Major body burns suppress the immune system, at least temporarily. However, it has not been demonstrated that following recovery from burn injury, the burned subject can become immunocompetent. This study was designed to test this hypothesis. Swiss-Webster mice (25 ± 2 gm) anesthetized with intraperitoneal pentobarbital sodium were given full thickness burns on a depilated area of the lower back with a stainless steel tube (2 cm diameter) at 100 C for 10 seconds. Control mice were anesthetized, depilated in the same manner, but sham burned. Six weeks later, (the burn wound was completely healed, and the mice weighed 33 ± 4 gm) each animal was given 0.3 mg of Escherichia coli endotoxin (055:B5) in saline intraperitoneally.
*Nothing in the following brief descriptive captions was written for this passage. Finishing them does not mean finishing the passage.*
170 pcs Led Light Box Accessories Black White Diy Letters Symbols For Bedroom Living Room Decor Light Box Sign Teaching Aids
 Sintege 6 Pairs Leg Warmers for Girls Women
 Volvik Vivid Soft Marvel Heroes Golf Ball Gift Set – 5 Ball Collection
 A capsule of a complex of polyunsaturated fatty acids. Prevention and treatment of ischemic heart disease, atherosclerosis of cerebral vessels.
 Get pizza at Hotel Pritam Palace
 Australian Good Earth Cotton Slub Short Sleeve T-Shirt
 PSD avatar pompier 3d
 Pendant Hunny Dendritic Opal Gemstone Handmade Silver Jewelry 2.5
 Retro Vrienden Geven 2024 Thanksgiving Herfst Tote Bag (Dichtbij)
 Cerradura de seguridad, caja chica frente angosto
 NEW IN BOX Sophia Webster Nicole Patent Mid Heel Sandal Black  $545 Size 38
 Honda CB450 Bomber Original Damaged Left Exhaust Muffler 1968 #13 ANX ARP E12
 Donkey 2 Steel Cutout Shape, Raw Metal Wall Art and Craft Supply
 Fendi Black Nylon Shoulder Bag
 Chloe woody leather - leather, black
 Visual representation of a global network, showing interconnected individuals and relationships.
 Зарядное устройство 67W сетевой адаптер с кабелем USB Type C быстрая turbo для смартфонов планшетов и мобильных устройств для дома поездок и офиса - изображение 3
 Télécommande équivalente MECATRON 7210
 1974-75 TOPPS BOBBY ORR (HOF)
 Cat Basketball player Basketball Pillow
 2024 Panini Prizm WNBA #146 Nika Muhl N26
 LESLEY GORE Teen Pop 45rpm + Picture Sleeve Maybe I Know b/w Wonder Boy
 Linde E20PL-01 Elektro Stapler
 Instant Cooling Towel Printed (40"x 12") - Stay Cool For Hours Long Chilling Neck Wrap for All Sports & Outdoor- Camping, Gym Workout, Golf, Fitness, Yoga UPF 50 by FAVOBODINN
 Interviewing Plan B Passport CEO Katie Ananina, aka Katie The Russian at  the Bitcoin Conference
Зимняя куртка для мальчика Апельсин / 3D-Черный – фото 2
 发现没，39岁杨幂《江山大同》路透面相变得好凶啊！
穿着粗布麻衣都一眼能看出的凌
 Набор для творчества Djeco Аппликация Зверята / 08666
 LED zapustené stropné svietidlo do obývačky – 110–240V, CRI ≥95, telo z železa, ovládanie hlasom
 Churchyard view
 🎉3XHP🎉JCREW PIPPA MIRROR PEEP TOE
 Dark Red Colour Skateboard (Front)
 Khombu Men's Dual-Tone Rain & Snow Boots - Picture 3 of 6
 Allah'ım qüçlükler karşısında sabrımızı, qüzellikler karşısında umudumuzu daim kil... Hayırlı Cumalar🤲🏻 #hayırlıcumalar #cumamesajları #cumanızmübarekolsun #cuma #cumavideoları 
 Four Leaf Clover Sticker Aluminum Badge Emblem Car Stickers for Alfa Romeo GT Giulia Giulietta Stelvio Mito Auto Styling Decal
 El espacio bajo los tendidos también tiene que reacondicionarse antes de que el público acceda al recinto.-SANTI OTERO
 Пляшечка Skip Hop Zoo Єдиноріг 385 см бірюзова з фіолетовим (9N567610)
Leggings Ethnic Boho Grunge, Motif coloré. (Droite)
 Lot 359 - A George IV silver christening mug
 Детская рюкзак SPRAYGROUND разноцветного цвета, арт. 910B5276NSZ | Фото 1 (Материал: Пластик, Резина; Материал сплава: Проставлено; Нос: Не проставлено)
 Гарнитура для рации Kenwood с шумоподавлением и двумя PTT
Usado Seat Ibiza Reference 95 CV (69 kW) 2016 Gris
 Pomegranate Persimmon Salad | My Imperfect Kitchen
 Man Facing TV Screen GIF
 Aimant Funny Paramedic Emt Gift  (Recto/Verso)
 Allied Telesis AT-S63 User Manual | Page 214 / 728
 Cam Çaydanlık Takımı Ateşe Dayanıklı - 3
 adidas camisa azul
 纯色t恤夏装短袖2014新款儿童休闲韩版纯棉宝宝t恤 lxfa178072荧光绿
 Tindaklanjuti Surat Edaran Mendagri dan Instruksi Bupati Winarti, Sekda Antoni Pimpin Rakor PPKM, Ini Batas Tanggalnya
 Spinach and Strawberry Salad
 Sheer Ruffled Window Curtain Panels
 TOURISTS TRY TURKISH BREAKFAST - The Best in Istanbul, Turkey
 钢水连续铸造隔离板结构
The 24- and 72-hour survivals for the control animals were 31/45 (69%) and 13/45 (29%), respectively; while the 24- and 72-hour survivals for the post burn mice was 26/27 (96%) and 14/27 (52%), respectively (P < 0.05). All animals surviving 72 hours recovered. These data clearly demonstrate that the survival from endotoxemia is significantly increased in animals that have been previously burned. This observation indicates that the immune system is stimulated 6 weeks postburn.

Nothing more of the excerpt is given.